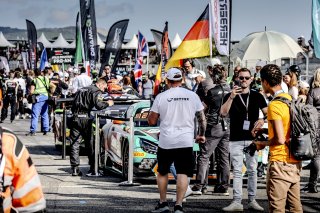 Gridwalk, Race
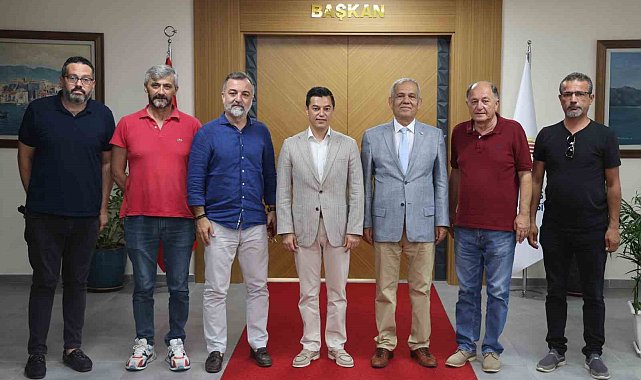 Başkan Ünlü gazetecileri ağırladı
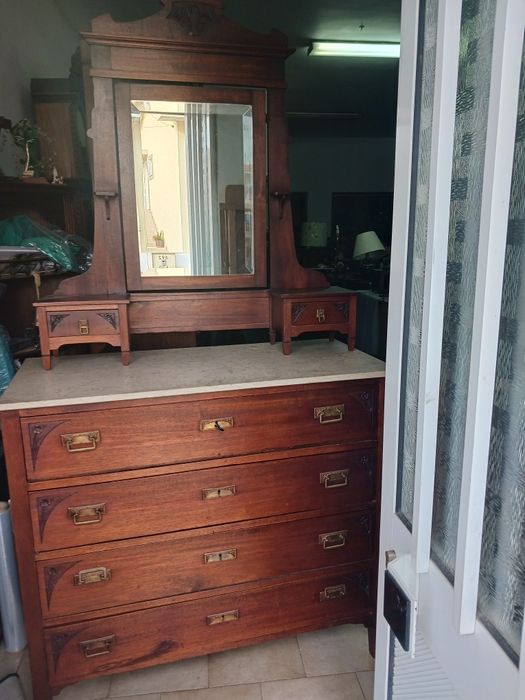 Cómoda  com espelho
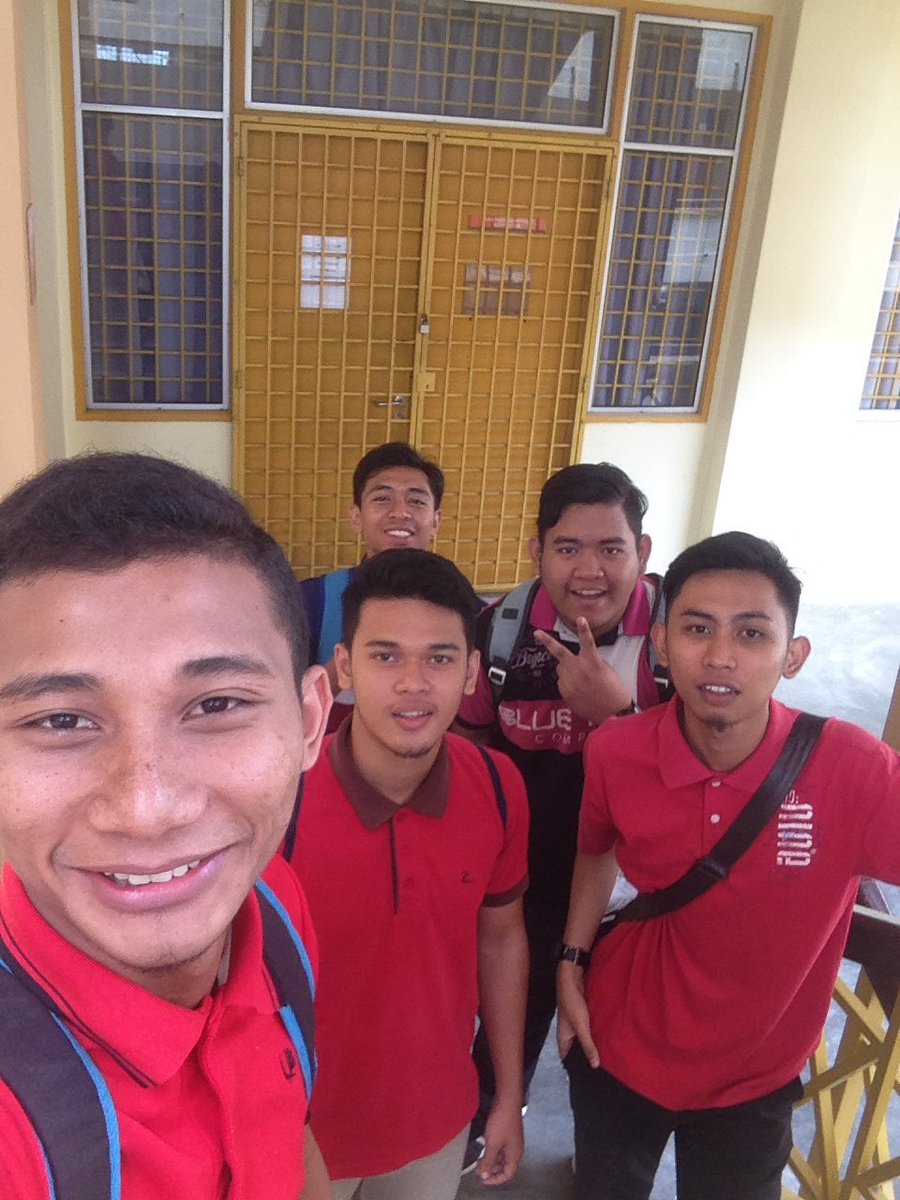 helmihariri96's tweet photo. 190616 first day semester 5..πͺπͺ
#polimas #dee5d #isapsikit https://t.co/nsF4Mw5awO
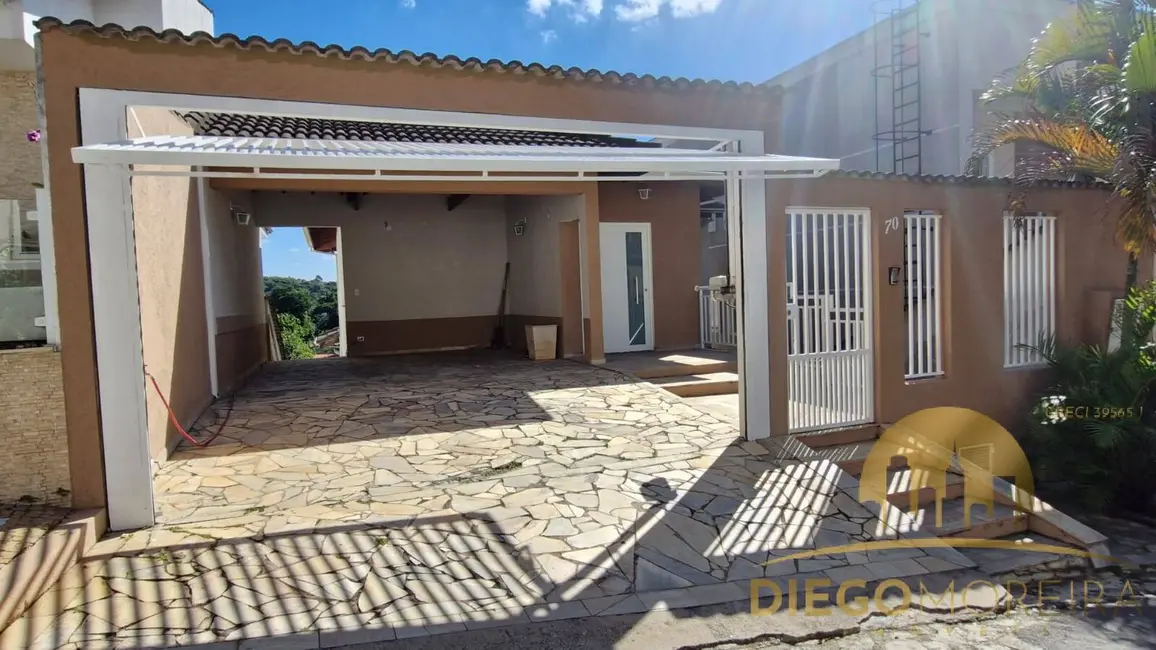 Foto 1 de Casa de Condomínio com 3 quartos à venda e para alugar, 260m2 em Mairipora - SP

▶ _Prompt_: Print the data above exactly, minus pictures.

▶ _Answer_:
 Gridwalk, Race
 Başkan Ünlü gazetecileri ağırladı
 Cómoda  com espelho
 helmihariri96's tweet photo. 190616 first day semester 5..πͺπͺ
#polimas #dee5d #isapsikit https://t.co/nsF4Mw5awO
 Foto 1 de Casa de Condomínio com 3 quartos à venda e para alugar, 260m2 em Mairipora - SP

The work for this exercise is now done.